There’s also the question of where consumer demand comes from. Does it spring immaculate from the unorganized consumers, or do corporations shape it? John Kenneth Galbraith argued long ago that it was the latter, and this makes more sense to me. Did consumers rise up and demand cheaper, lower quality goods? Or did corporations decide this was a better way for them to make money, especially given the wage stagnation of the neoliberal era?
What would this new price increase look like? Here’s Bryce Covert at Think Progress:
So how much would clothing prices rise for the average consumer if all of the costs of upgrading Bangladesh factories were passed on to them?
According to an estimate provided by the Worker Rights Consortium, it could be as little as 10 cents per article of clothing. The group comes to this figure by estimating that building renovation, safety equipment installation, and other related costs would come to about $3 billion, which is says is a high estimate that assumes virtually all factory buildings need major renovations, as some may not. Spreading that cost over five years, it comes to $600 million each year, and tacking 10 cents on to each of the roughly 7 billion garments exported from the country each year would easily cover that cost. After the initial investment in renovations, the group says the costs of maintenance will drop significantly.
Is it really plausible that consumers are so attuned to price that such a small sort of increase would make a difference? And note, this assume the entire cost of the increase would be passed along directly to consumers, while there’s little doubt that the corporations are in a far better position to absorb some of the losses.
While Davis tells consumers it’s up to them to fix this, King only agrees with this “in principle.”

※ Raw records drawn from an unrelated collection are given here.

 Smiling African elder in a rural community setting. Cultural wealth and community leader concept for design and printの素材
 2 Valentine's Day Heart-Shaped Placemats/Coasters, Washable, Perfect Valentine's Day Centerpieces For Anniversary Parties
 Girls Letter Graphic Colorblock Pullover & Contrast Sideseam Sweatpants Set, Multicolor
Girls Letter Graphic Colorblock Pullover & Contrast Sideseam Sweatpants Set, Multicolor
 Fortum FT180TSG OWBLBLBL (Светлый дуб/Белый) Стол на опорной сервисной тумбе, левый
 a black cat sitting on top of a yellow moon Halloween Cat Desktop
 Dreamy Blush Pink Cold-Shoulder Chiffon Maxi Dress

[C]onsumers are actually very inertial creatures. If we put all our hopes in changing the global marketplace in the wallets of people like Joe Schmoe from Brownsburg, Indiana, we’re not likely to see much change. Most changes in supply chain management begin with a few committed activists who are willing to go out and pressure the company through “naming and shaming” tactics. Public humiliation still seems to work.

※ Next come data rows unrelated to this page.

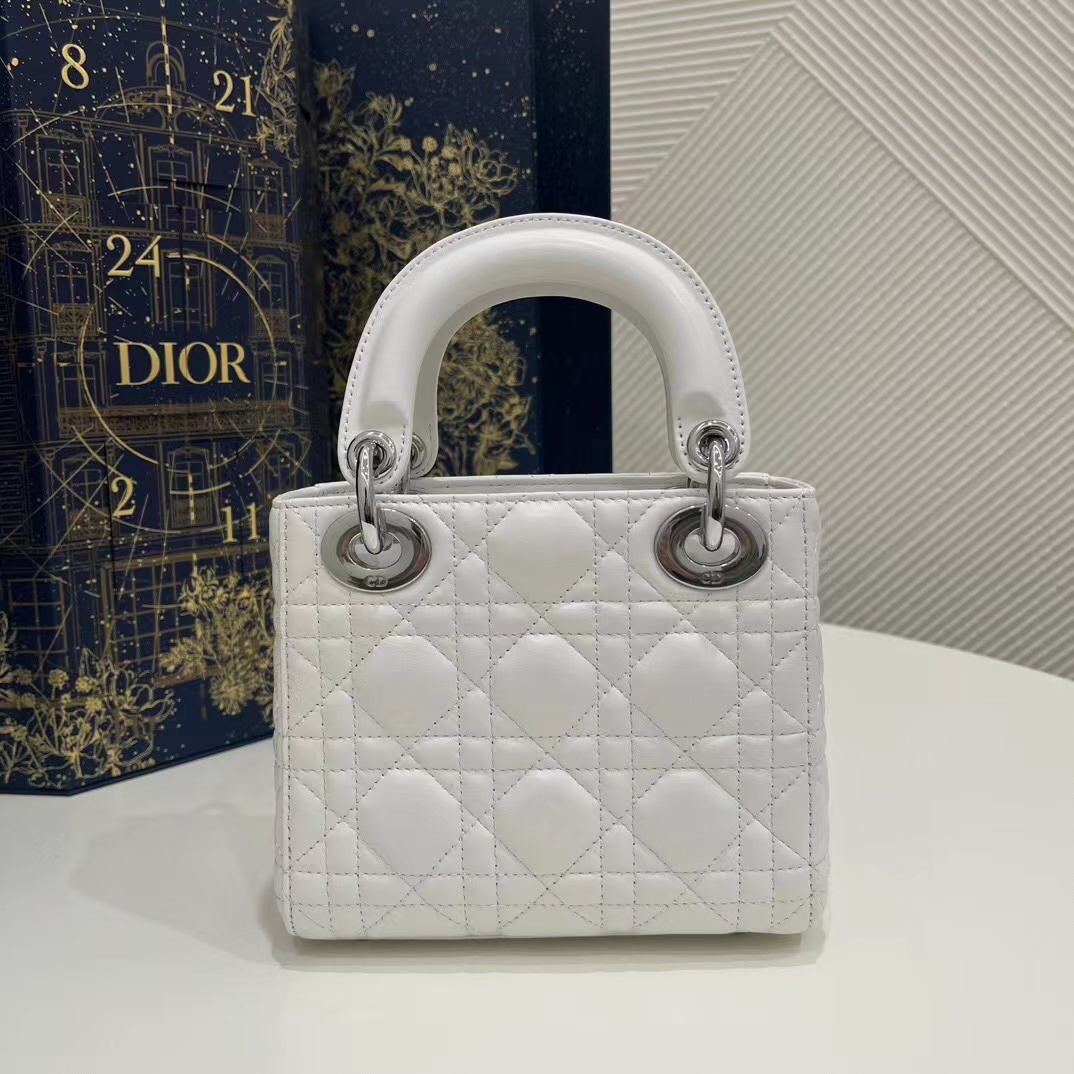TOP Christian Dior Lady Christian Dior Bag Mini - White & SHW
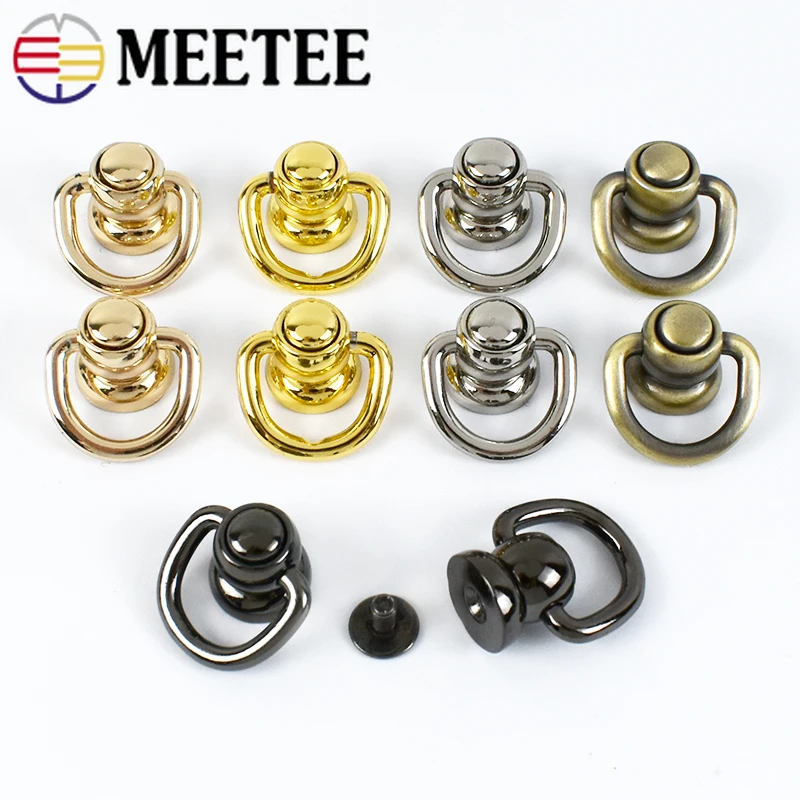 Meetee 4/10/20pcs 12mm Bag Side Hang Round Head Solid Nail Leather Screw Rivet D Ring Buckles DIY Handbag Repair Accessories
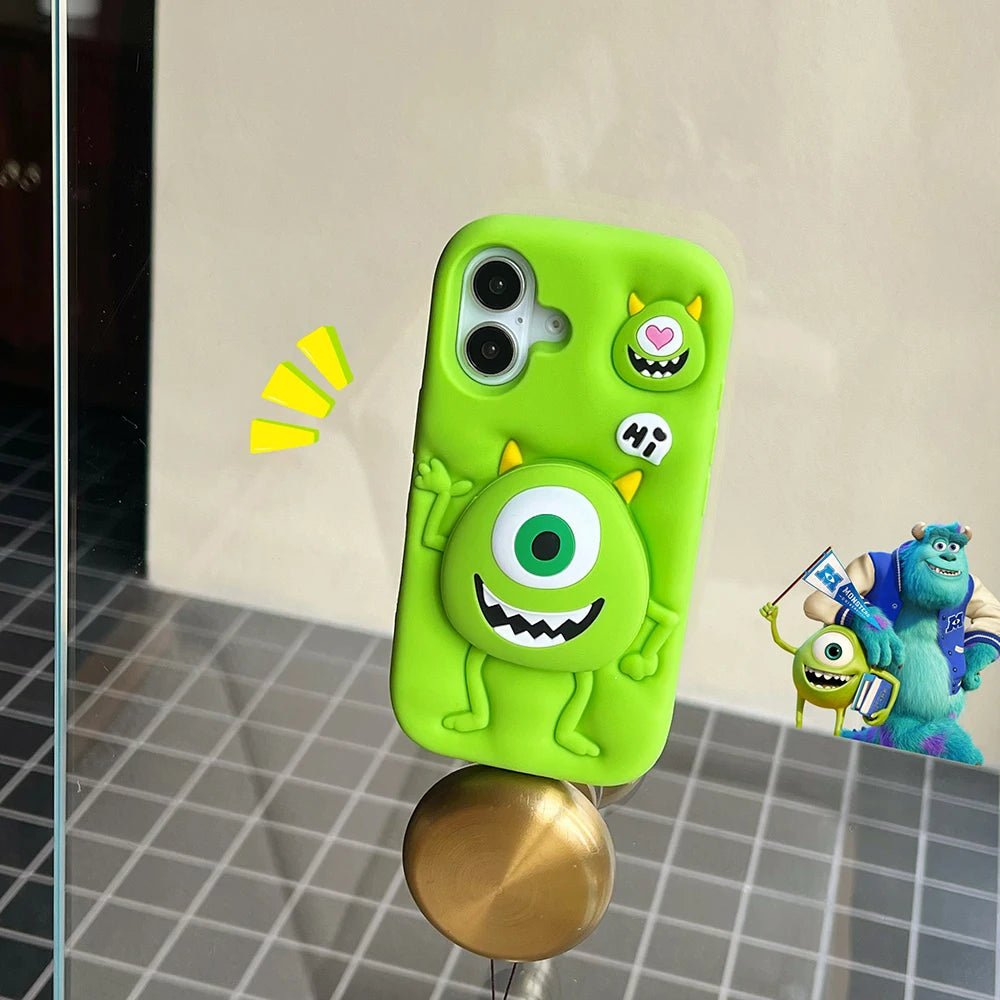 Funny Cartoon Monsters Cover With Stand Holder Soft Silicone Case for iPhone 16 15 14 13 12 Pro Max - AKM CASE｜iPhone Case & Accesories Worldwide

In terms of the remedy, I think King is right. But it’s not just inertia, but the ability to act – the mass of consumers aren’t organized, and even if they were, it’s almost impossible to buy products that are made in better conditions. That makes voice, as opposed to exit, the more fruitful strategy.
But when people believe that consumers are what drives this, I think they are less likely to engaging in these naming and shaming tactics, because consumer choice is seen as default legitimate.
Blaming consumers, like blaming voters, is a cop out.